*What the exercise asks*
Repeat the entries below exactly. Begin with the first line and end with the line that contains "Pool Table 1-Bedroom".

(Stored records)
*** Begin section ***

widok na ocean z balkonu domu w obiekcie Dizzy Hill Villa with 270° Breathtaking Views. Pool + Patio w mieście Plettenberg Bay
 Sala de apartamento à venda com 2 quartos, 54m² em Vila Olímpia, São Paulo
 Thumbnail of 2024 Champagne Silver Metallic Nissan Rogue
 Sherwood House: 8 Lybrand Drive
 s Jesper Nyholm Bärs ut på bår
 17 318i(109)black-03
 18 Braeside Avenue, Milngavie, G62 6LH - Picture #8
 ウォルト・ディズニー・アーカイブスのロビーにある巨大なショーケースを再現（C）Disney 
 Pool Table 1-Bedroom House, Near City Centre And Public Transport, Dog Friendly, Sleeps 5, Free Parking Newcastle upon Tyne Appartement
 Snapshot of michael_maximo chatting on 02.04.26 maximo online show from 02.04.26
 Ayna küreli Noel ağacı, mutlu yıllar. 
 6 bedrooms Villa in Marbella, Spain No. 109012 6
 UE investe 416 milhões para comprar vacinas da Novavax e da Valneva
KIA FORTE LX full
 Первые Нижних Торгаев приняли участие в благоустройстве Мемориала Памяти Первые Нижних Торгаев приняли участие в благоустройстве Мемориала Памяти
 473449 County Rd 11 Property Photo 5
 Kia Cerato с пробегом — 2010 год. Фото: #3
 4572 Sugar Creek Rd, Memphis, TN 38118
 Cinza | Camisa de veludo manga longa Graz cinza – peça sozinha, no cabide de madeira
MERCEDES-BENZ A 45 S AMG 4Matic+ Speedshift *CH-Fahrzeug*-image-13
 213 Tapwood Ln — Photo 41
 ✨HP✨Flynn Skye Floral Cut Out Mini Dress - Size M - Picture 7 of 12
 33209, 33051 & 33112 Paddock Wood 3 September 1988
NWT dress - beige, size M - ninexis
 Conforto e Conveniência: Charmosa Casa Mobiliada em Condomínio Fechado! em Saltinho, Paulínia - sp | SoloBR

*** End section ***

*Expected answer*
widok na ocean z balkonu domu w obiekcie Dizzy Hill Villa with 270° Breathtaking Views. Pool + Patio w mieście Plettenberg Bay
 Sala de apartamento à venda com 2 quartos, 54m² em Vila Olímpia, São Paulo
 Thumbnail of 2024 Champagne Silver Metallic Nissan Rogue
 Sherwood House: 8 Lybrand Drive
 s Jesper Nyholm Bärs ut på bår
 17 318i(109)black-03
 18 Braeside Avenue, Milngavie, G62 6LH - Picture #8
 ウォルト・ディズニー・アーカイブスのロビーにある巨大なショーケースを再現（C）Disney 
 Pool Table 1-Bedroom House, Near City Centre And Public Transport, Dog Friendly, Sleeps 5, Free Parking Newcastle upon Tyne Appartement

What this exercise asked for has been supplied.